A high court in Pakistan has approved a committee to explore whether cryptocurrencies are advisable under the country’s legal system, according to a report Friday by The News International.
The High Court of Sindh, the peak judicial body in the southeastern province of Sindh, granted permission for the committee to consider crypto trading and report its findings to the province’s Ministry of Finance.
Should the committee find crypto trading permissible under Pakistani law, then recommendations are to be forwarded to the ministry alongside a draft framework for crypto regulation, subject to modification.
The committee is to be chaired by a deputy governor of the State Bank of Pakistan (SBP) along with officials of Ministries Of Finance, Information Technology, Pakistan Telecommunication Authority and Security and Exchange Commission of Pakistan, according to the report.
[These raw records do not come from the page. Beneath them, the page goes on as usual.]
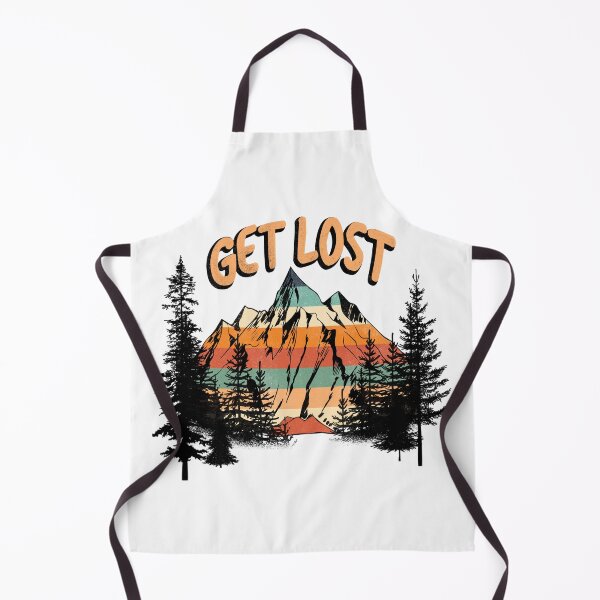 Item preview, Get Lost designed and sold by HighCiti.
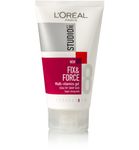 L'Oréal Fix & force multi vitamins gel (150ml) 150ml thumb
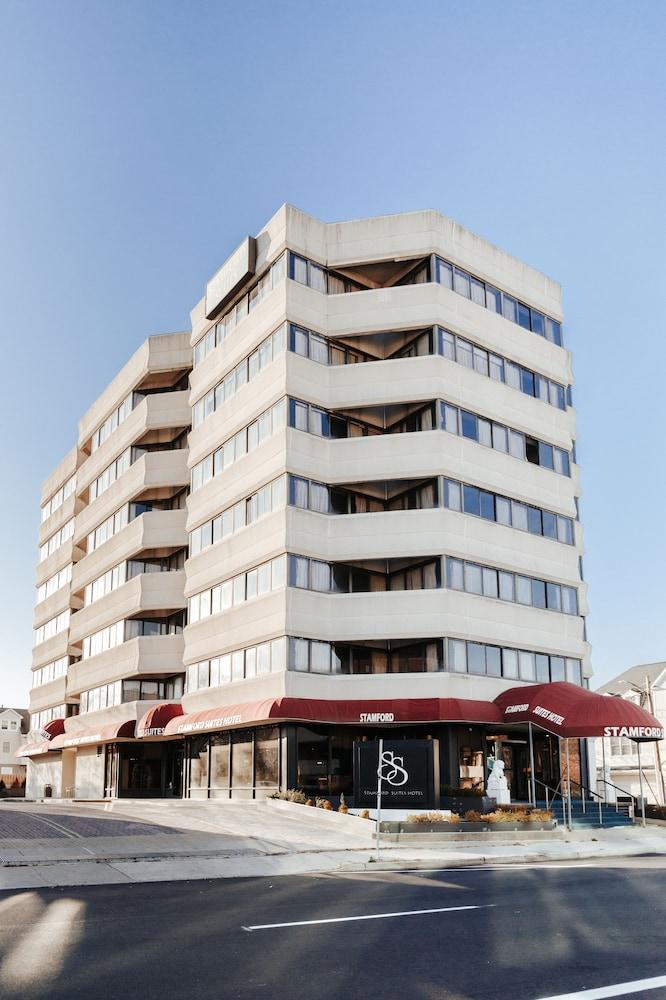 Stamford Suites (Adults Only) Ngoại thất bức ảnh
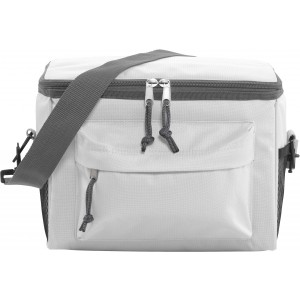 Khltasche aus Polyester Joey, Wei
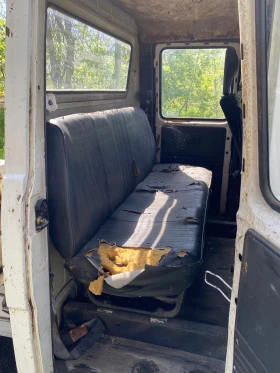 Fiat Ducato 2.5, 5+ 1 | Mobile.bg    5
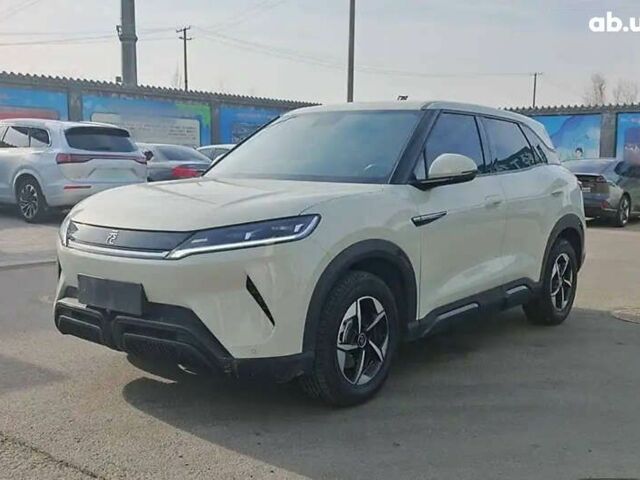 БИД Yuan Up, объемом двигателя 0 л и пробегом 4 тыс. км за 16500 $, фото 1 на Automoto.ua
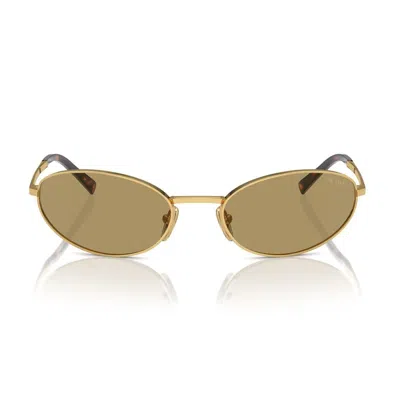 PRADA PRADA PR A59S SUNGLASSES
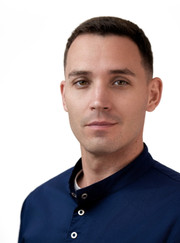 Невролог Алмаз Ришатович Сабирзянов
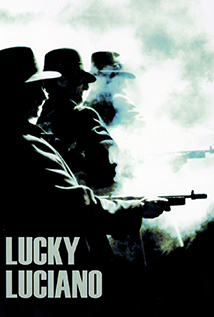 Lucky Luciano (1973)
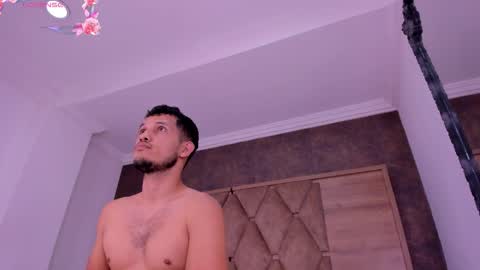 Snapshot of eimyandmaxi chatting on February 3, 2026, 2:53 am YG COUPLE online show from February 3, 2026, 2:53 am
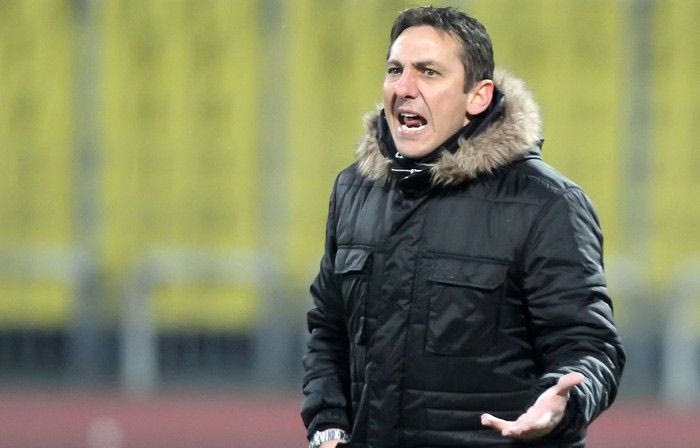 Παπαδόπουλος: “Με συγκίνησε ο κόσμος του Ηρακλή”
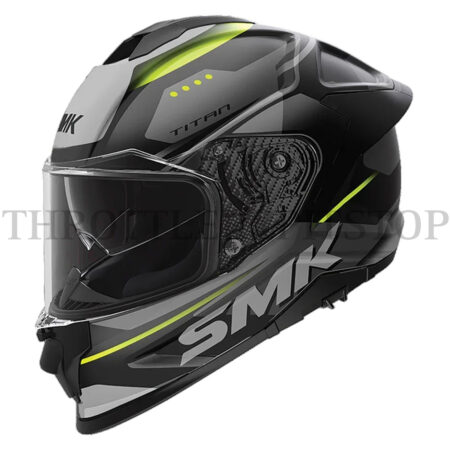 SMK TITAN SPORTER : MA264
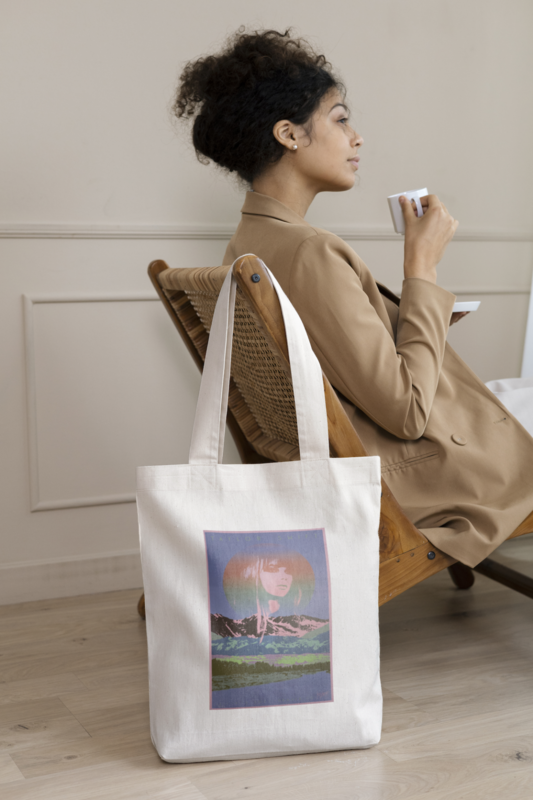 Denver Eras Tour VIP Tote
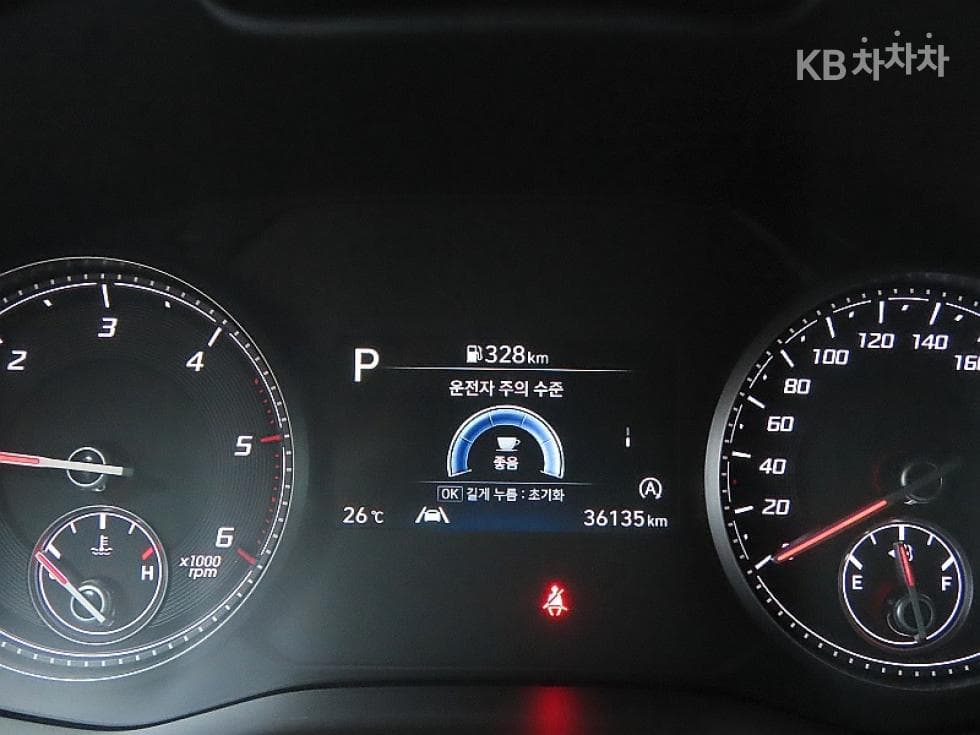 Hyundai The New (facelift) Santa Fe TMDiesel 2.2 2WD Prestige - 8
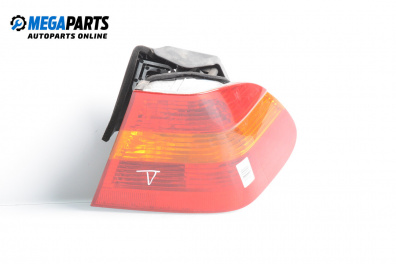 Стоп за BMW 3 Series E46 Sedan (02.1998 - 04.2005), седан, позиция: дясна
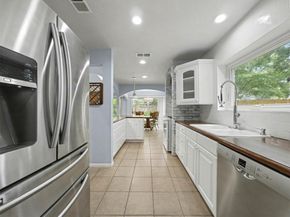 3203 Park Garden Drive, Houston TX 77339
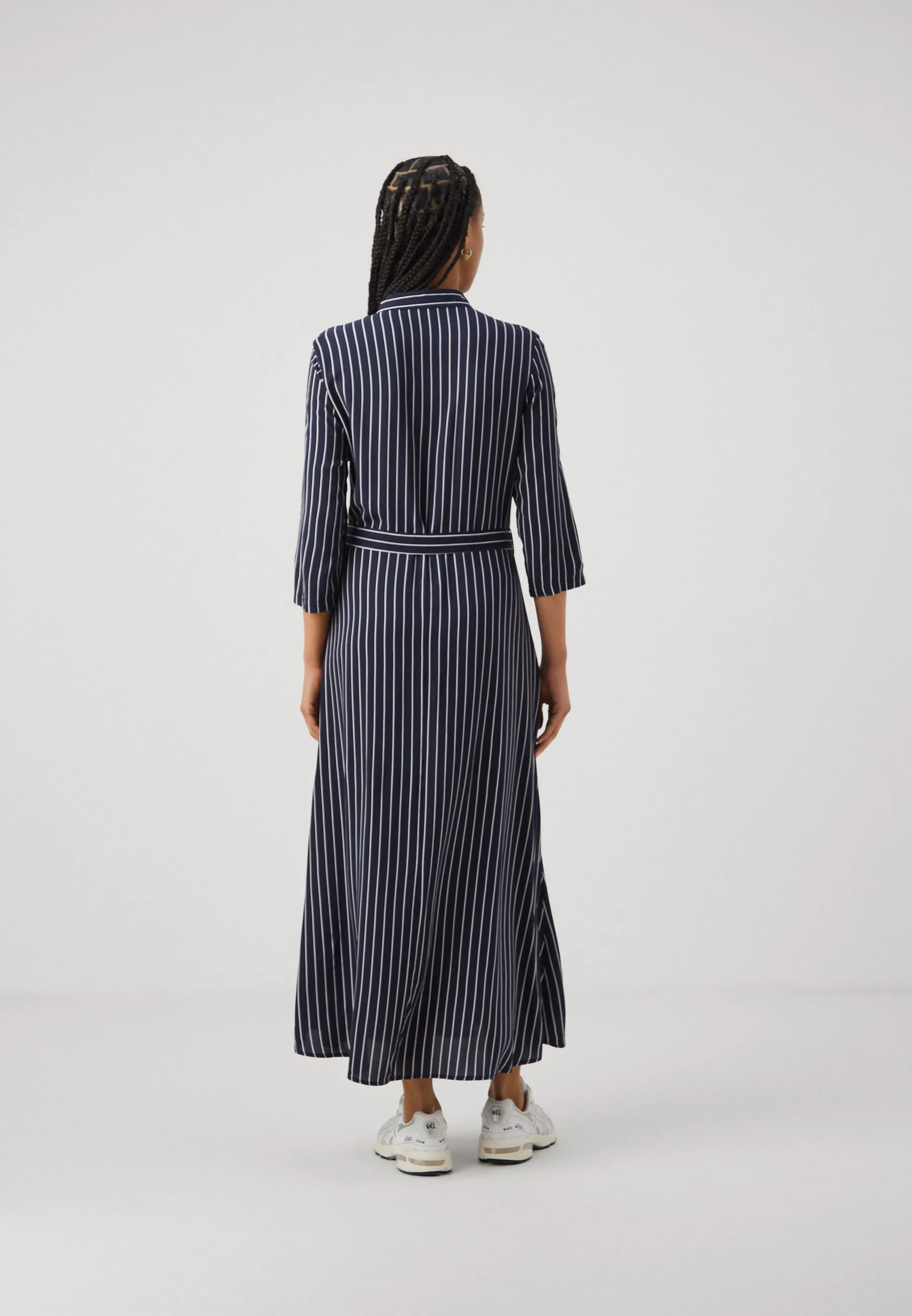 JDYSTARRR LIFE DRESS - Vestito lungo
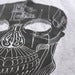 Image of We Are Alchemy - Life & Death Tee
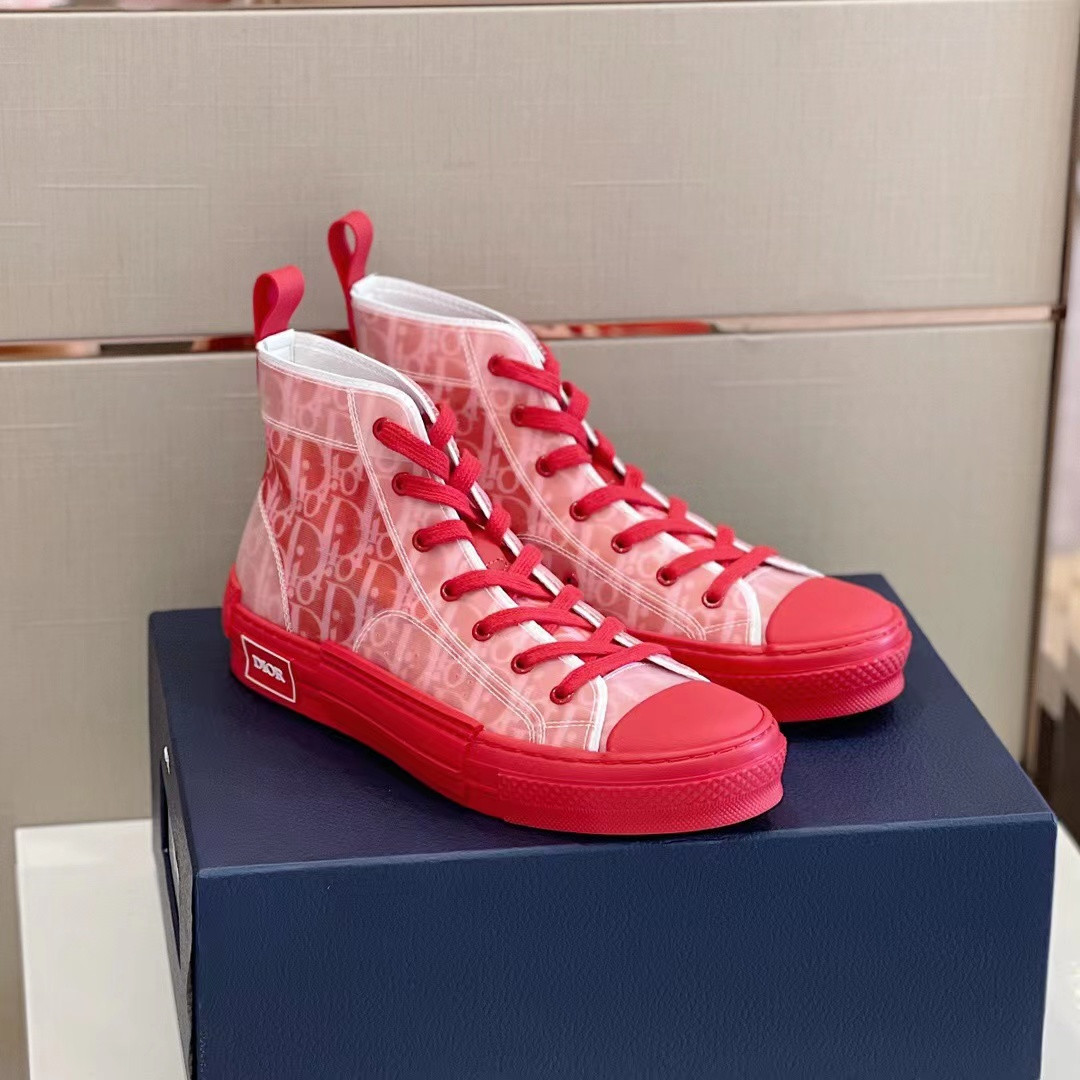 D*or b23 high red
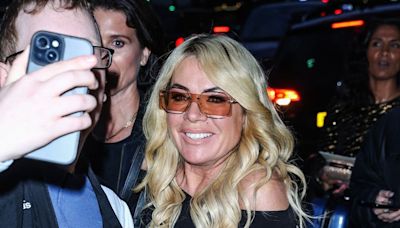 EastEnders' Letitia Dean looks amazing at soap awards after remarkable weight loss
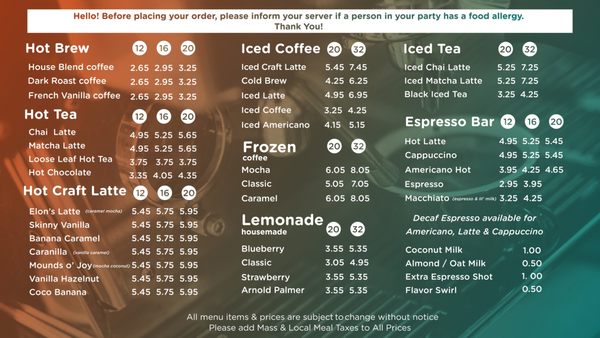 Bikeeny Caffe by null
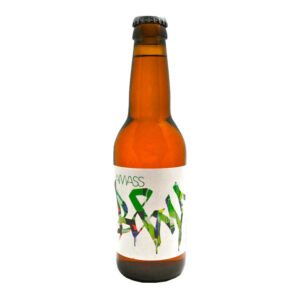 Mikkeller Amass IPA (Миккеллер Амасс ИПА)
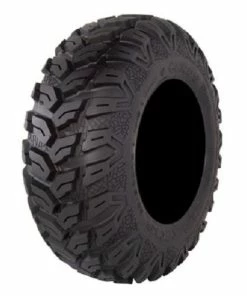 Pair Of Maxxis Ceros Radial ATV Tires 25x8-12 (2) -ITP Sales Shop cs 3752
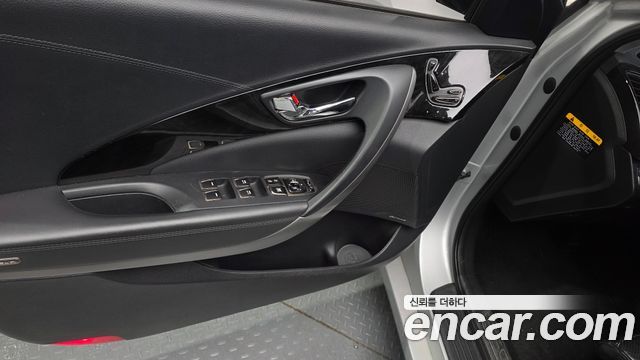 Hyundai Grandeur 2014 — photo 34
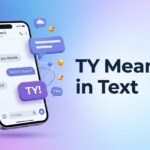 TY Meaning in Text What It Means and How to Reply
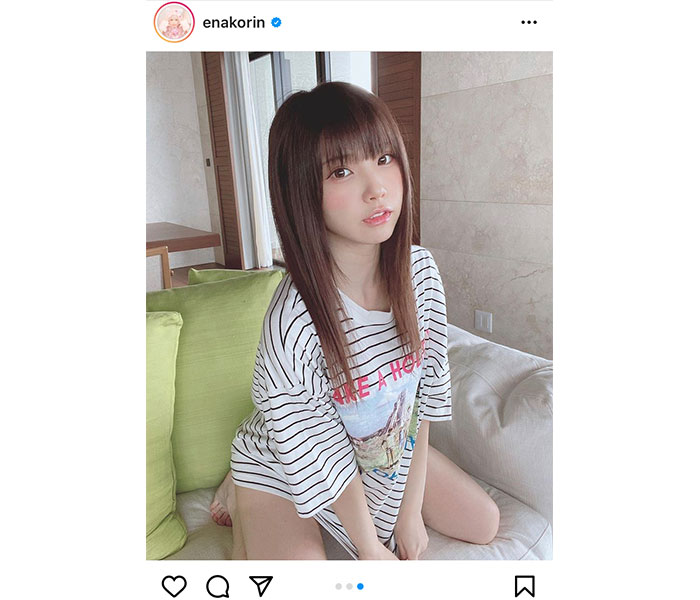 エビ中、約１年半ぶりとなる全国ツアーをスタート！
The court conceded that a decision whether to provide greater oversight around crypto trading activity in Pakistan came not by choice but by pragmaticism over the potential black market business dealings currently outside government purview.
Cryptocurrency has experienced a boom in recent weeks, with the price of bitcoin hitting a new all-time high on Wednesday above $66,000.
Popularity in trading digital assets and, therefore, tax receipts that occur from such activity are considered a strong source of revenue for governments looking to get their hands on a piece of the action.
Higher prices are continuing to drive new traders and are raising the industry’s profile among the mainstream.
While crypto trading is not strictly illegal in Pakistan, under current regulation imposed by the SBP in 2018, a ban is in place for those firms it regulates that are dealing in crypto.
In 2019, Pakistan’s federal government put in place tougher regulations for the crypto industry by mandating all Electronic Money Institutions be licensed to provide crypto assets under recommendations from the Financial Action Task Force.